Minority Rules: Scientists Discover Tipping Point for the Spread of Ideas

Scientists at Rensselaer Polytechnic Institute have found that when just 10 percent of the population holds an unshakable belief, their belief will always be adopted by the majority of the society. The scientists, who are members of the Social Cognitive Networks Academic Research Center (SCNARC) at Rensselaer, used computational and analytical methods to discover the tipping point where a minority belief becomes the majority opinion. The finding has implications for the study and influence of societal interactions ranging from the spread of innovations to the movement of political ideals.

“When the number of committed opinion holders is below 10 percent, there is no visible progress in the spread of ideas. It would literally take the amount of time comparable to the age of the universe for this size group to reach the majority,” said SCNARC Director Boleslaw Szymanski, the Claire and Roland Schmitt Distinguished Professor at Rensselaer. “Once that number grows above 10 percent, the idea spreads like flame.”

As an example, the ongoing events in Tunisia and Egypt appear to exhibit a similar process, according to Szymanski. “In those countries, dictators who were in power for decades were suddenly overthrown in just a few weeks.”

The findings were published in the July 22, 2011, early online edition of the journal Physical Review E in an article titled “Social consensus through the influence of committed minorities.”

An important aspect of the finding is that the percent of committed opinion holders required to shift majority opinion does not change significantly regardless of the type of network in which the opinion holders are working. In other words, the percentage of committed opinion holders required to influence a society remains at approximately 10 percent, regardless of how or where that opinion starts and spreads in the society.

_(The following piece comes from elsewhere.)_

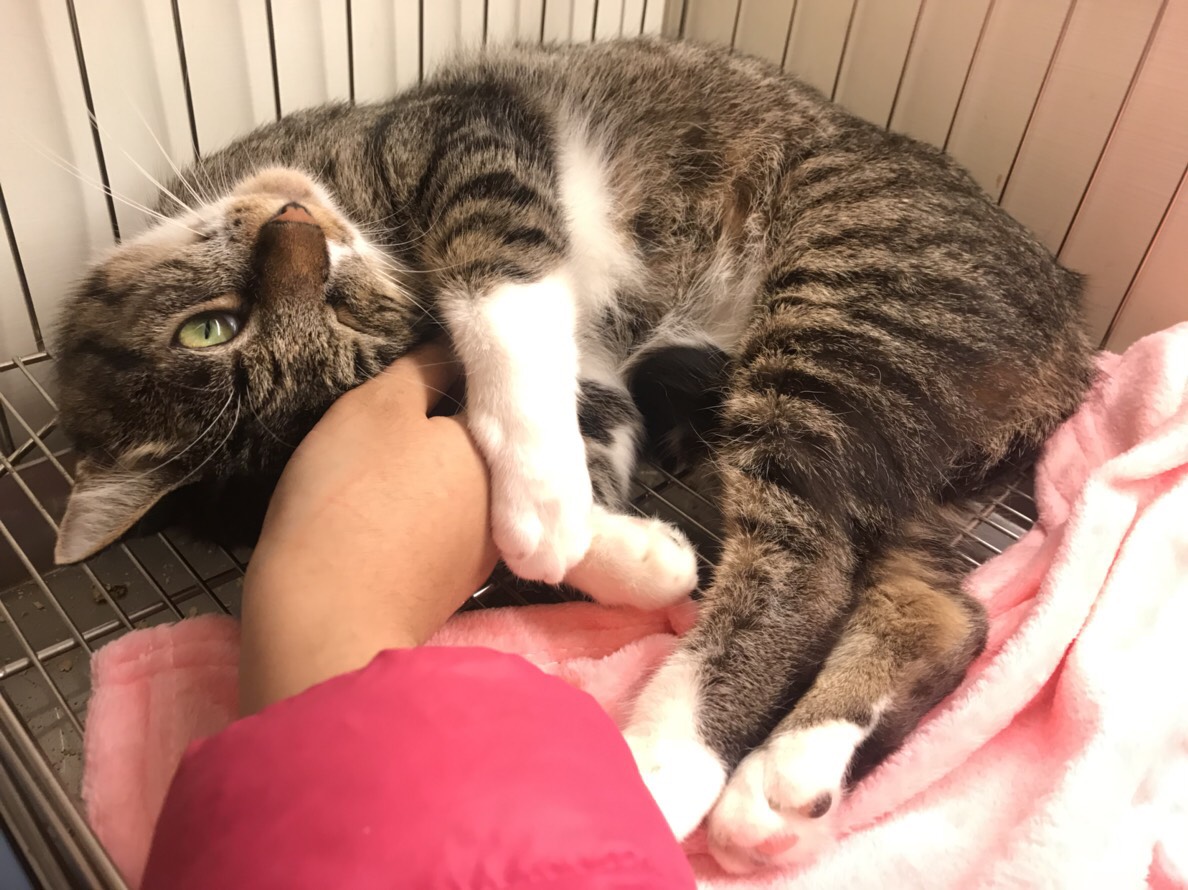 「鰲拜」在逗貓坊放鬆地對員工撒嬌，可愛的模樣擄獲了新主人的芳心。台北市動保處/提供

To reach their conclusion, the scientists developed computer models of various types of social networks. One of the networks had each person connect to every other person in the network. The second model included certain individuals who were connected to a large number of people, making them opinion hubs or leaders. The final model gave every person in the model roughly the same number of connections. The initial state of each of the models was a sea of traditional-view holders. Each of these individuals held a view, but were also, importantly, open minded to other views.

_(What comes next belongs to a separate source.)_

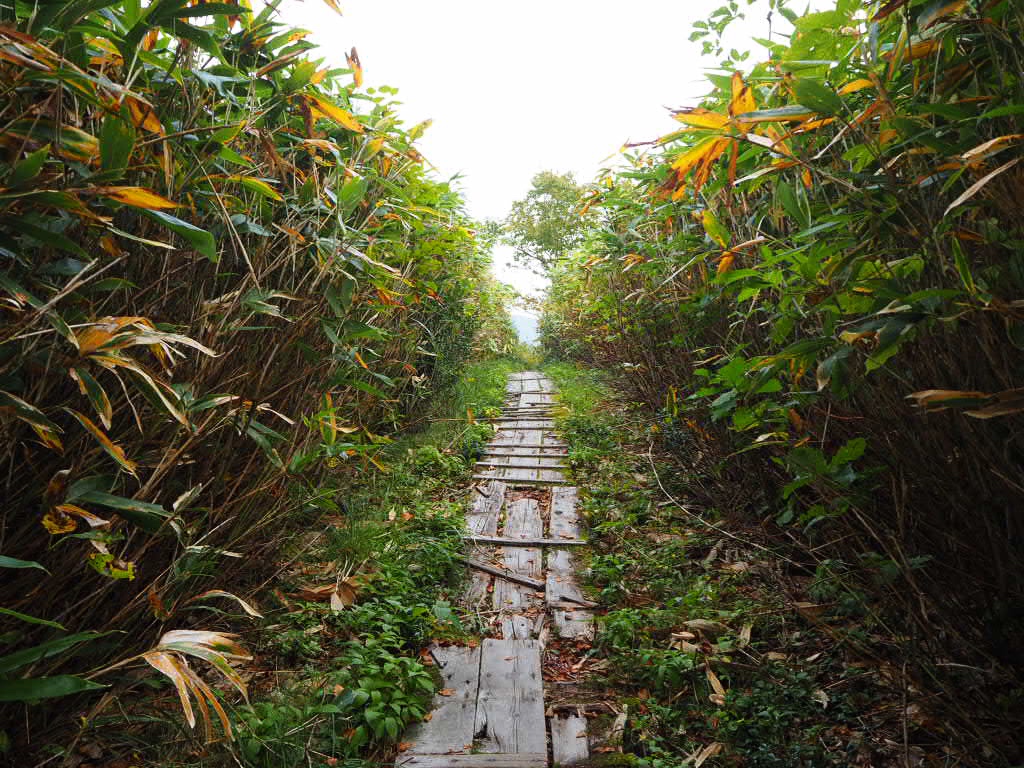 f:id:oyasumiameko:20191003193941j:plain f:id:oyasumiameko:20191003193941j:plain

Once the networks were built, the scientists then “sprinkled” in some true believers throughout each of the networks. These people were completely set in their views and unflappable in modifying those beliefs. As those true believers began to converse with those who held the traditional belief system, the tides gradually and then very abruptly began to shift.

“In general, people do not like to have an unpopular opinion and are always seeking to try locally to come to consensus. We set up this dynamic in each of our models,” said SCNARC Research Associate and corresponding paper author Sameet Sreenivasan. To accomplish this, each of the individuals in the models “talked” to each other about their opinion. If the listener held the same opinions as the speaker, it reinforced the listener’s belief. If the opinion was different, the listener considered it and moved on to talk to another person. If that person also held this new belief, the listener then adopted that belief.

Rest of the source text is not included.